The 99th Academy Awards are scheduled for next March. The films competing for those awards are, in several cases, already in post-production or preparing their festival entries. What the Class of 2026 means in practice is that some of those campaigns will need to reach voters who were not in the membership a year ago, voters whose tastes and frames of reference were shaped by different industries, different markets, and in many cases different definitions of what commercial filmmaking is supposed to accomplish. That is not a cosmetic adjustment.

Teyana Taylor, who received the inaugural Icon of the Year Award at the BET Awards earlier this week, was among the invitees. Taylor’s career has expanded from music into directing, and her inclusion in the class reflects AMPAS’s interest in filmmakers whose entry points fall outside the traditional narrative feature path. Jon Bernthal, whose appearance in The Bear’s final season drew industry attention, received an invitation, as did Julia Garner, whose sustained range across Ozark, Inventing Anna, and Babylon represents one of the more consistent demonstrations of technical versatility in the last six years.

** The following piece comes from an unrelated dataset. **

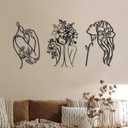 Photect 3 Pcs Metal Wall Art Decor Minimalist Abstract Woman Wall Art Metal Modern Line Drawing Decor Female Single Line Home Hanging for Bedroom Bathroom Living Room Christmas Housewarming(Stylish)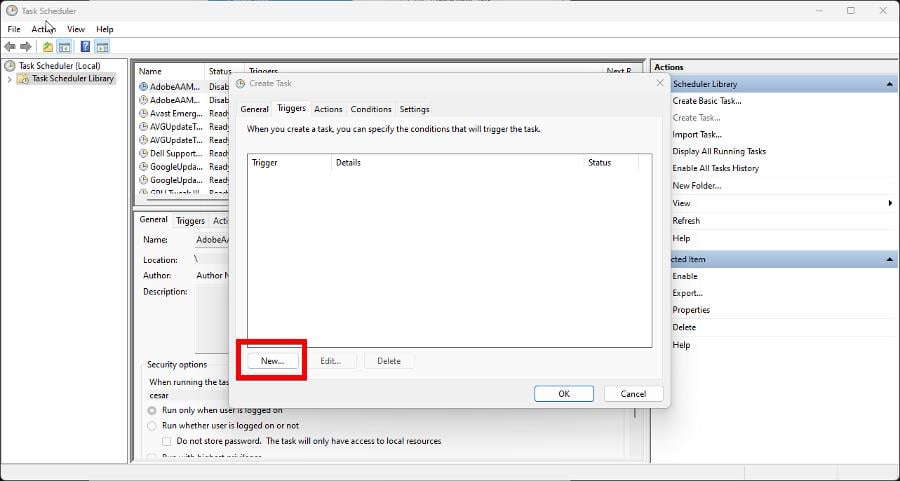 Скриншот: вкладка триггеров в Планировщике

The international dimension of the class runs wide. Bill Skarsgård of Sweden, Jemaine Clement from New Zealand, Stephen Fry from the United Kingdom, Josh Gad and Anthony Ramos from the United States, and Simu Liu from Canada each received invitations. Their genres span independent drama, genre film, animation, franchise cinema, and comedy. Taken together, they represent the range the Academy says it is building toward: a body of voters whose tastes are not confined to a single mode of filmmaking or a single market’s definition of what awards-worthy means.
An entrant from outside the traditional talent pipeline drew notice in industry circles. Josh D’Amaro, the incoming Chief Executive Officer of Disney, received an invitation. D’Amaro built his reputation running Disneyland and then Disney Parks globally before assuming leadership of the studio with the most consistent Oscar-relevant annual release slate of any major entertainment company. His inclusion suggests the Academy is formalizing a relationship with studio leadership in a way it has not consistently done before.
Benny Safdie was also invited. He co-directed Good Time and Uncut Gems with his brother Josh before pursuing a solo acting career, and the Safdie body of work has been more consistently cited by critics than rewarded in Academy competition. Good Time produced near-universal critical consensus about Robert Pattinson’s performance and earned no nominations. Benny’s inclusion as a voter means at least one of the pair will be on the other side of that accounting.
The full list, according to Variety, extends considerably beyond the names drawing immediate attention: composers, cinematographers, editors, and documentary filmmakers whose work has shaped the visual and sonic texture of the last decade of prestige filmmaking. The acting invitees travel furthest in trade coverage because acting is the branch most immediately legible to general audiences. The other branches are where Oscar races are often actually decided.
Whether the class shifts what gets nominated will be measured, imperfectly, when the 99th Oscar nominations are announced next January. The films competing have not yet been widely screened. The studios courting these new voters have not yet started their campaigns. What the 529 people invited Thursday represent is a structural adjustment in who is qualified to render a verdict on the year’s best work. The industry will spend the next nine months discovering whether the adjustment produced the outcomes AMPAS intended, or whether the membership rolls changed while the results stayed the same.